Online learning:
1) In the world of STEM, what makes UCAR and NCAR unique? Can we use that uniqueness to offer something novel & useful in the online, blended, flipped, flat, collaborative, constructive, active, and/or distant classroom that’s rapidly emerging?
2) What trends are most relevant and promising in the Horizon Report in your opinion? What “CreAction” moves us in a direction in which we should be moving? What are some “low-hanging fruit” where we might consider using new educational technologies? CreAct: to both create and to act
3) What are the barriers for acting upon these trends? How do we help remove or limit barriers – ours, schools, educators, learners, administrators – to advance learning opportunities?

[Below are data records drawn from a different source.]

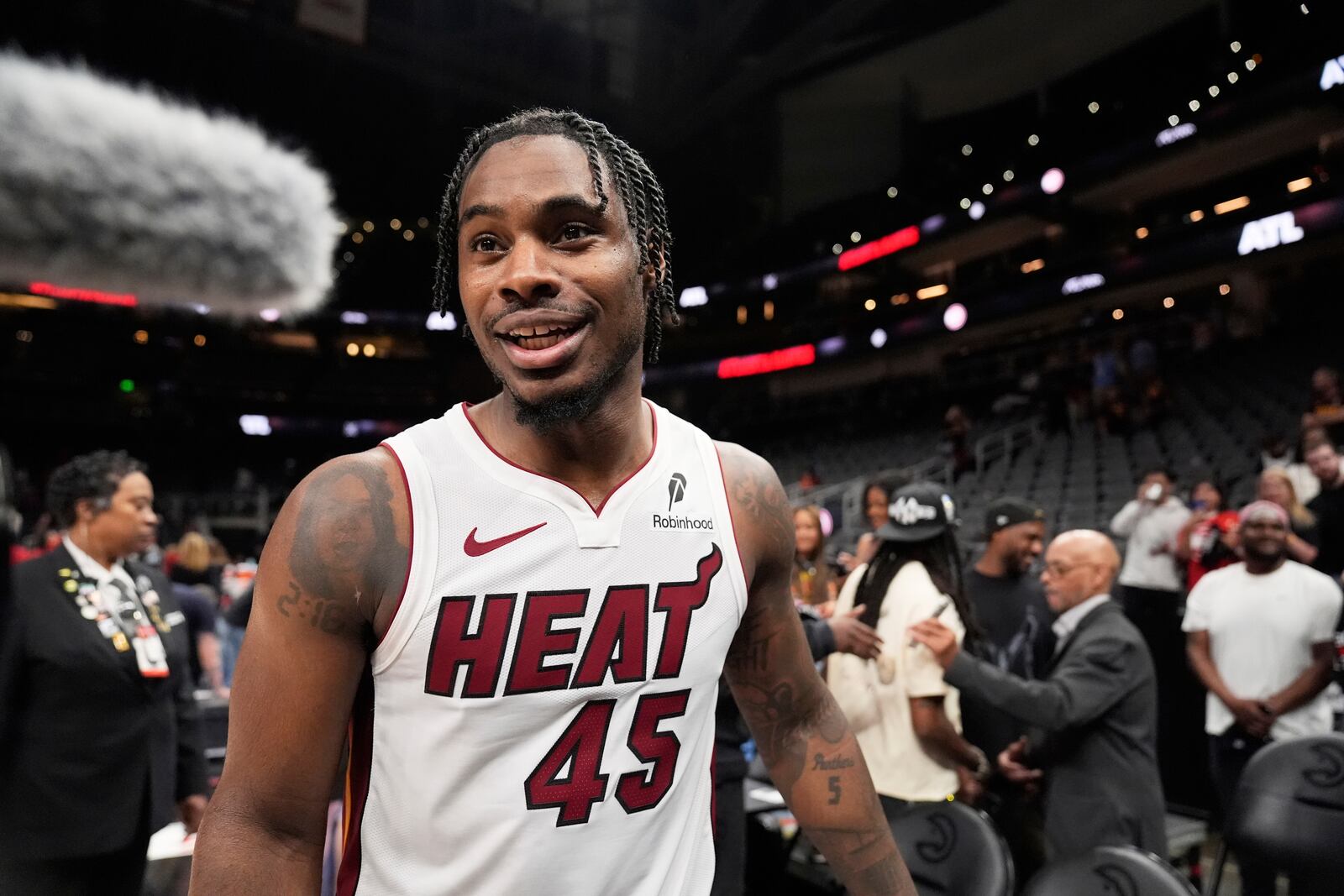 Miami Heat guard Davion Mitchell (45) leaves the court after a win against the Atlanta Hawks, after an NBA play-in tournament basketball, Friday, April 18, 2025, in Atlanta. (AP Photo/Brynn Anderson)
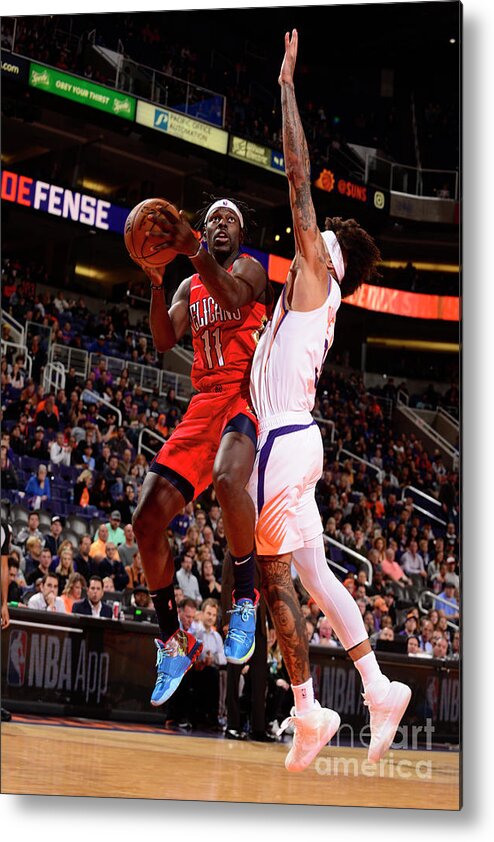 Jrue Holiday Metal Print featuring the photograph Jrue Holiday by Barry Gossage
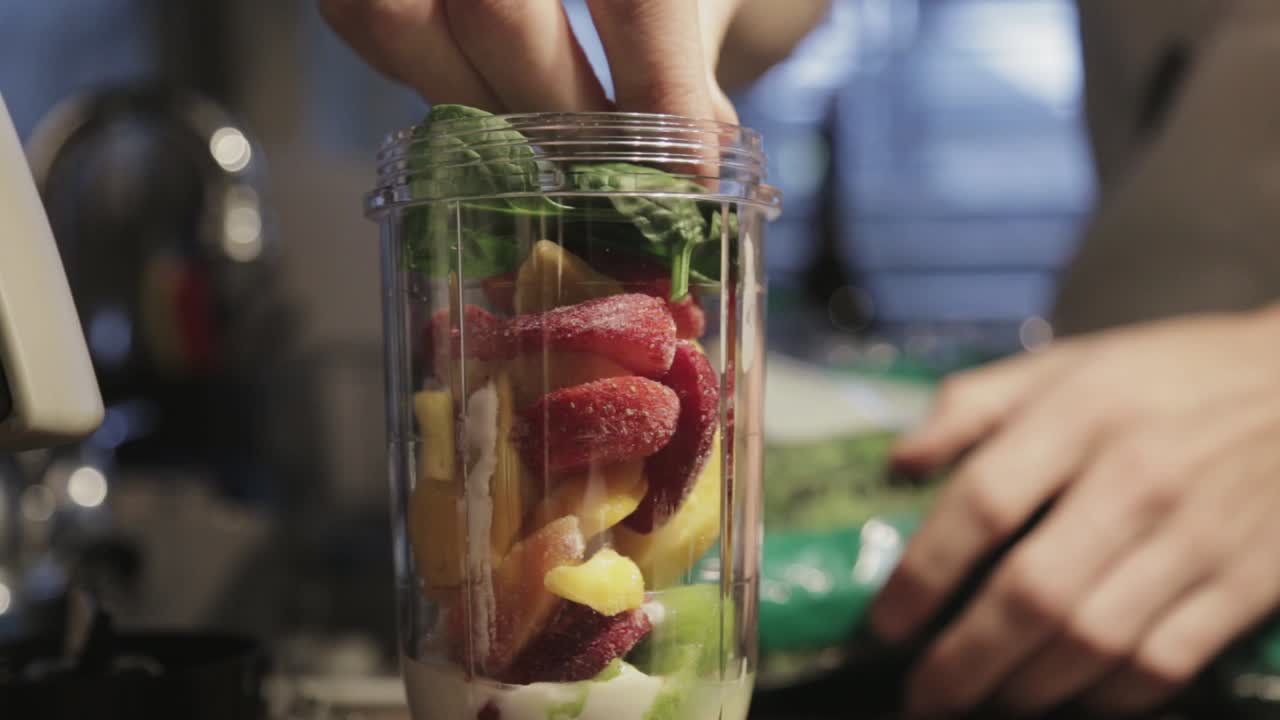 Aggiungere frutta e verdura fresca nel contenitore del frullatore per uno smoothie - Primo piano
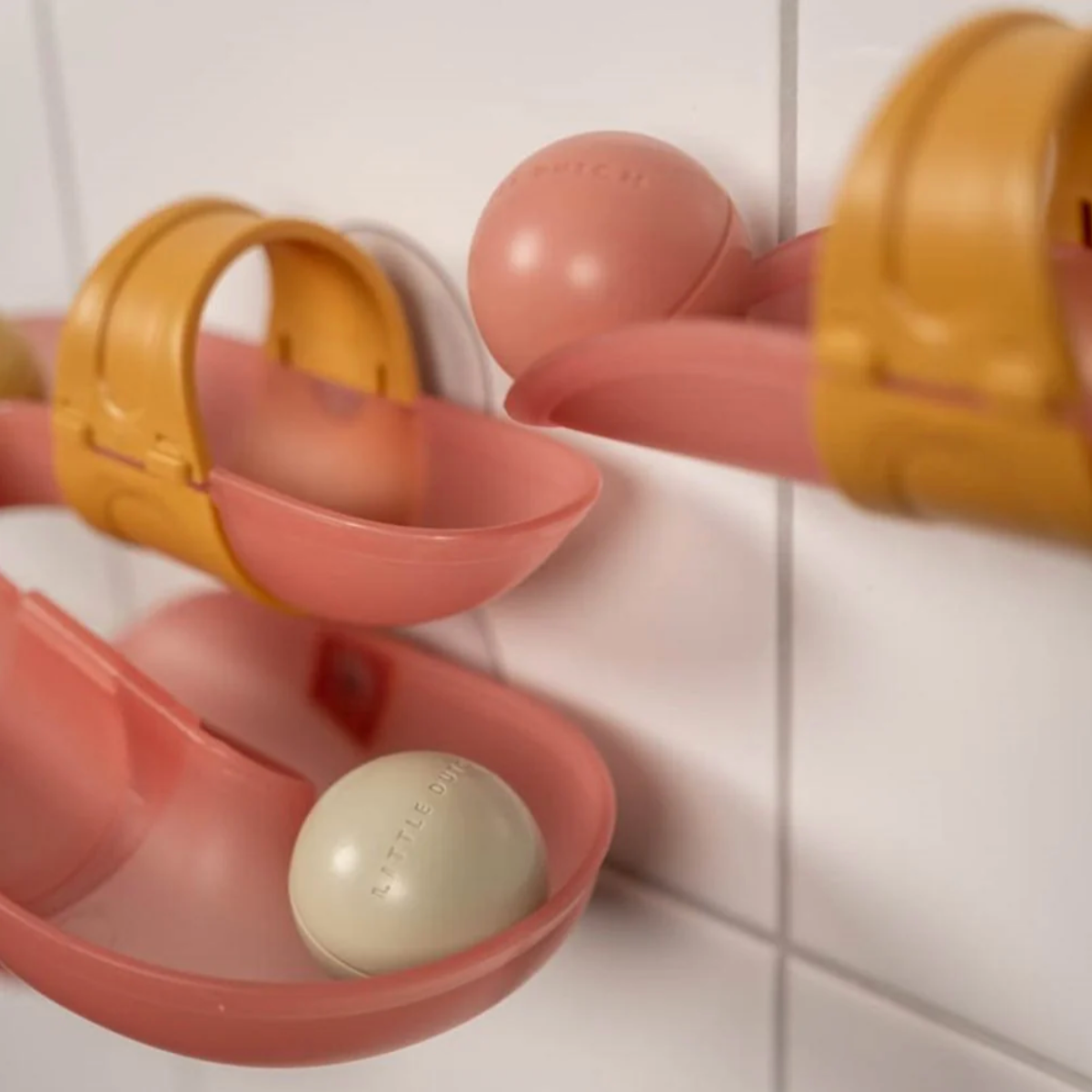 Pink bath ball track for toddlers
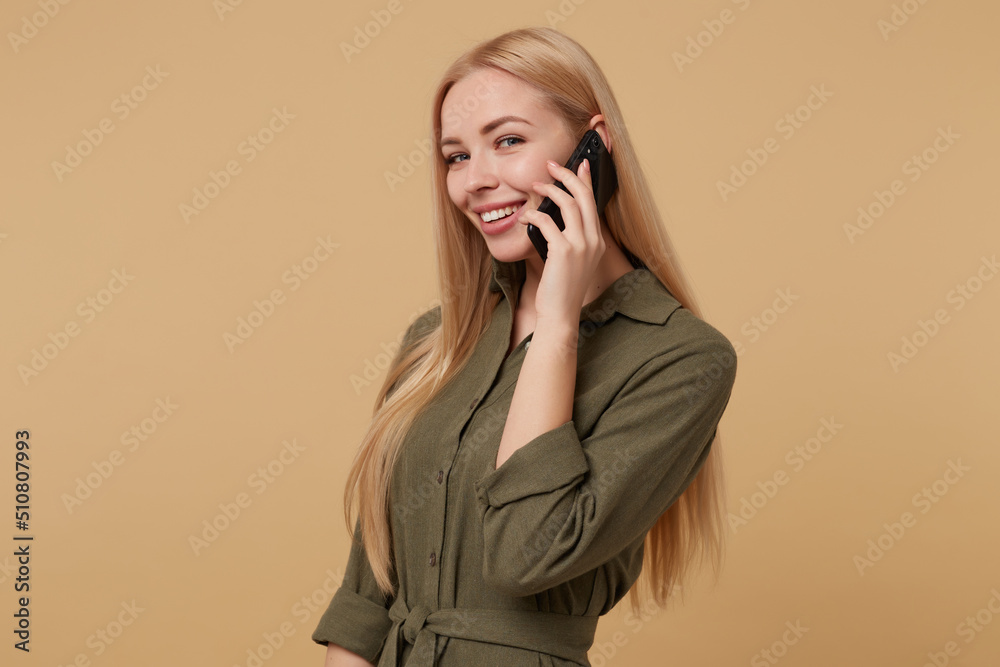 Studio portrait of young blonde woman posing over beige background smiles while talking on the phone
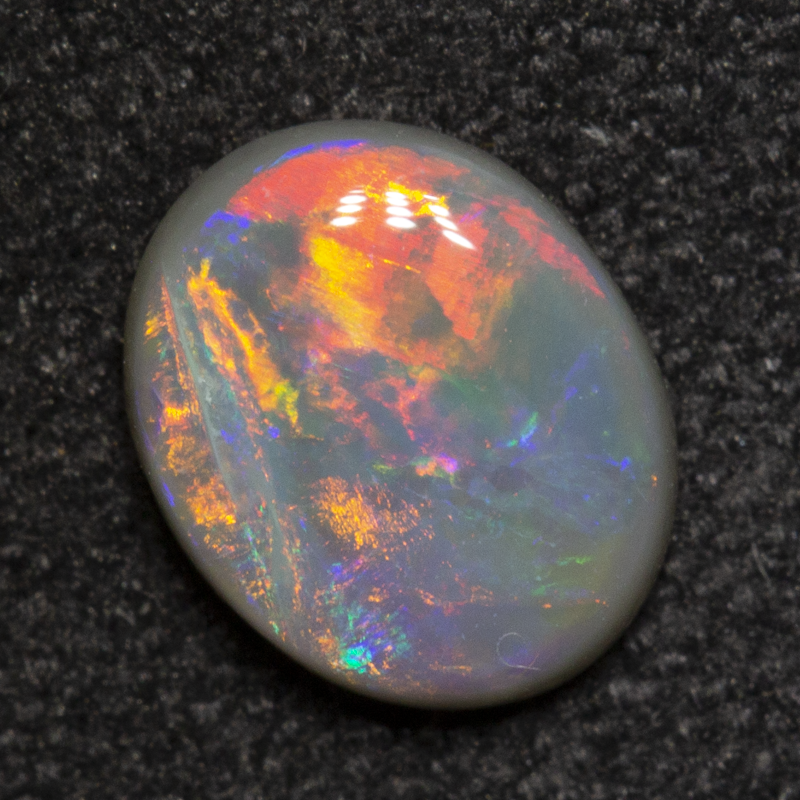 0.50 ct dark opal 6.7x5.4x1.9mm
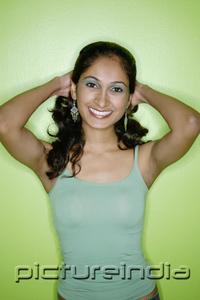 PictureIndia - Young woman in green tank top, against green background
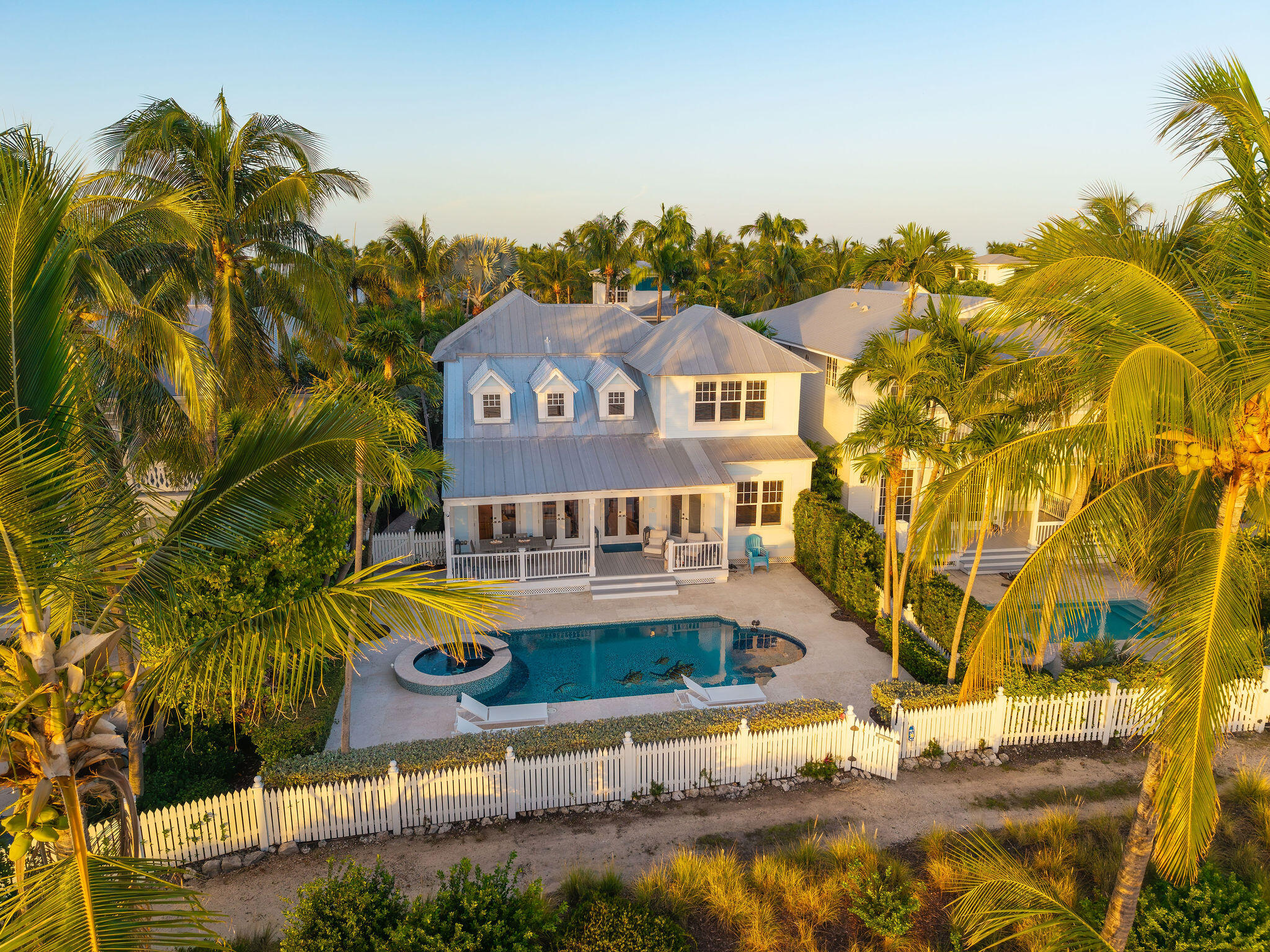 Aerial view of a white Key West home and pool, framed by palms and a white picket fence.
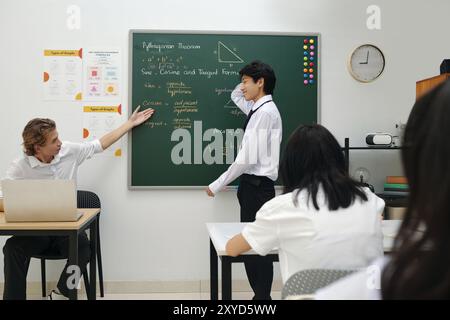 Explaining Pythagorean Theorem on Chalkboard in Classroom Stock Photo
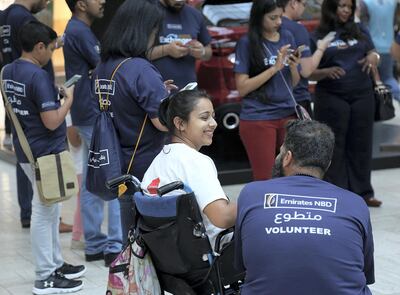 Dubai, April 07, 2018:  Shobhika Kalra on a wheelchair with the volunteers heading out to spread awareness about the accesible for wheelchair users outside th emeracto mall in Dubai. Satish Kumar for the National /Story by Ramola Talwar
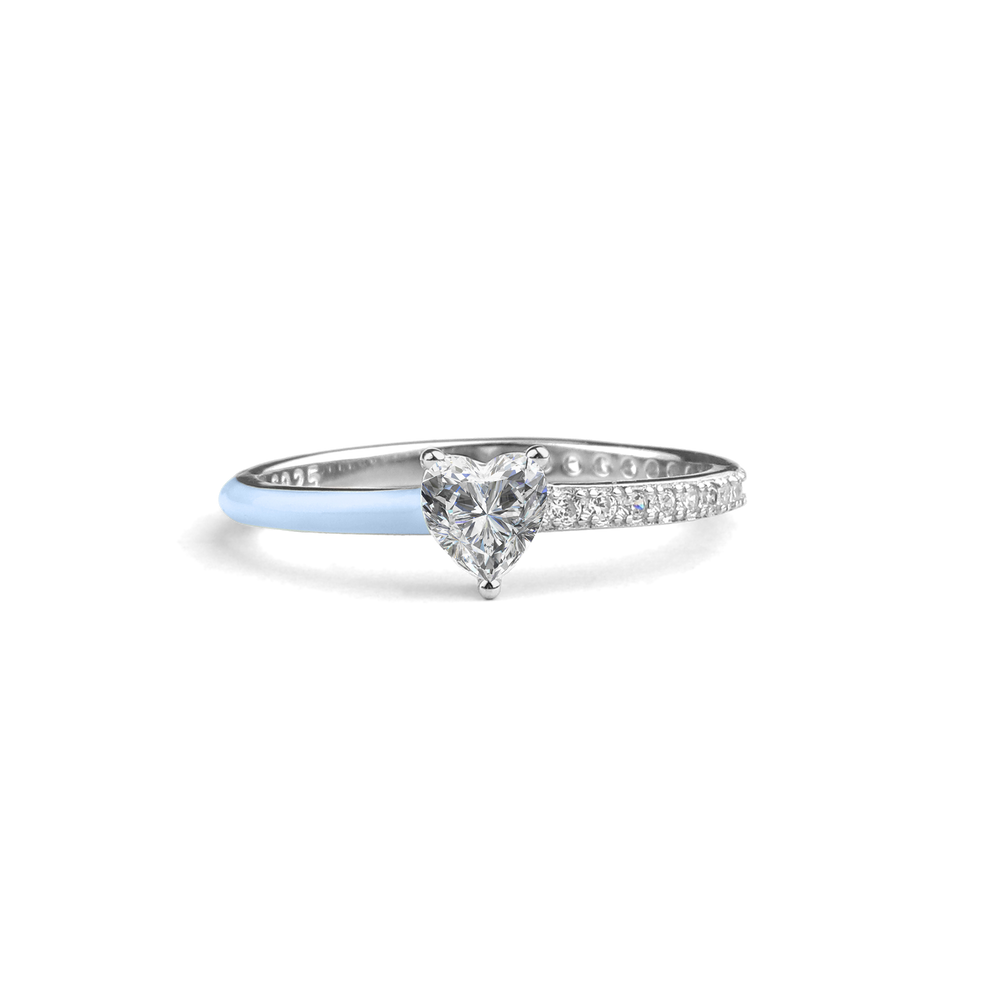 A heart-cut half enamel ring with a message card that includes the text 'No One Is You And That Is Your Power'.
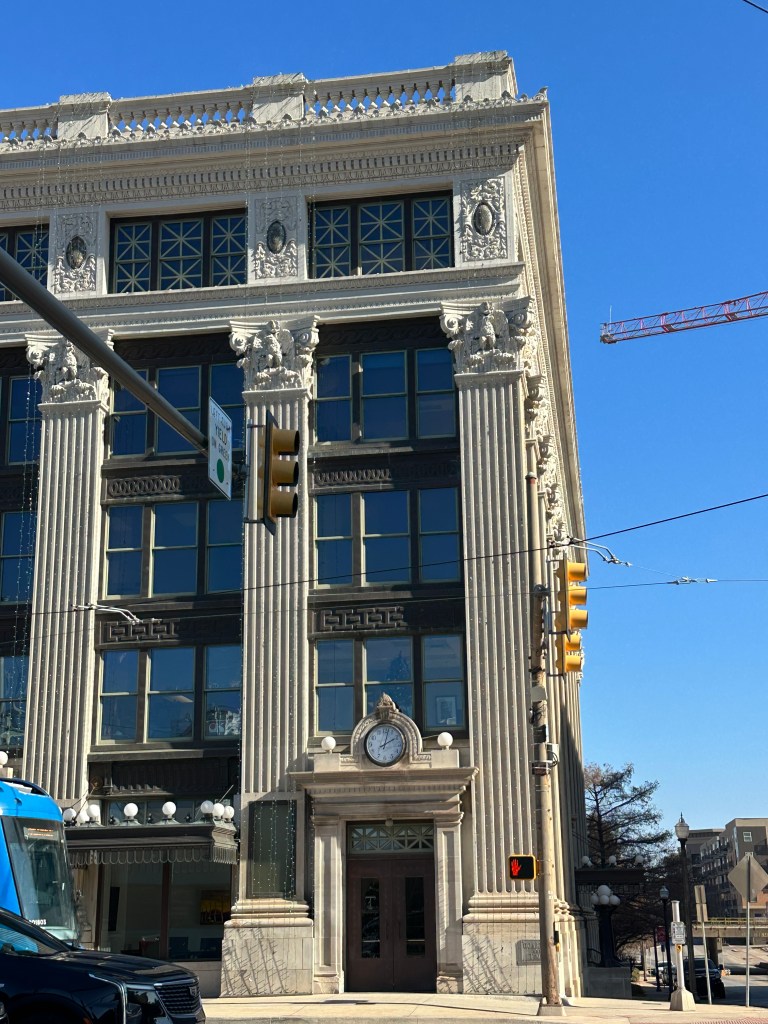 Historic building with ornate architectural details, including columns and decorative elements, featuring large windows and a clock above the entrance.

6) Of the six key trends the report identifies, which one excites, intimidates, worries you, or has the most promise for Spark from your perspective? Is there any trend in the report that you just can't wrap your head around or you have questions about?
7) Who are the early adopters addressing these trends best in informal and formal education? What ideas do you have regarding organizations to learn from or collaborate with? Who should we be talking to now?
8) What is the relevance of ConnectEd and E-Rate to this discussion? As a Federally supported entity, how should or should not Spark communicate this relevance to our various social circles including within UCAR and its members without taking an advocacy stand?
Others to Consider:
What ideas or examples can you share or envision for an online experience that supports student learning and community connectivity?
Why does anytime, anyplace, and on any device matter, and if so what might we offer that we don't now?
Imagine a world with access to adequate internet bandwidth in all schools. How might this development work with forthcoming technologies to offer greater equity and learning opportunities? How do you see education and Spark's own role changing?
What digital STEM learning tools might we design specifically to be accessed via mobile technologies?
What happens when mobile means connectivity to everything across the “Internet of Things?"
What are the low-lying fruit that you see us getting involved in immediately not because they are low lying, but because you think teachers and or learners are looking for such resources?
Creativity is a big topic in every field today and a skill that is at the top of employers' "most wanted" list. Give an example of creativity and a person who exemplifies it. How might you bring more creativity to what you do? How will you do it? How will you foster it in our resources and with educators and/or students? And... how does technology help or hinder?
Among the various trends and examples in the Report, which intrigued or surprised you the most? Which one did you feel was most applicable to NCAR and STEM teaching and learning?
What are we (UCAR/NCAR/UCP) expected to know and help prepare future students to know, and how might any of the trends identified help us do what we should to motivate and foster interest and deeper understanding?
Here are some HOT terms in educational technology: project-based learning, learning analytics, e-portfolios, collaborative learning, global learning, computational thinking, creativity, digital fabrication, makers, social media, interactivity, BYOD, 1-to-1 learning.... What term resonants with you as something worthwhile at its core?
Remote/virtual labs: What ideas do you have on this topic in particular? Who should/can we include in this discussion?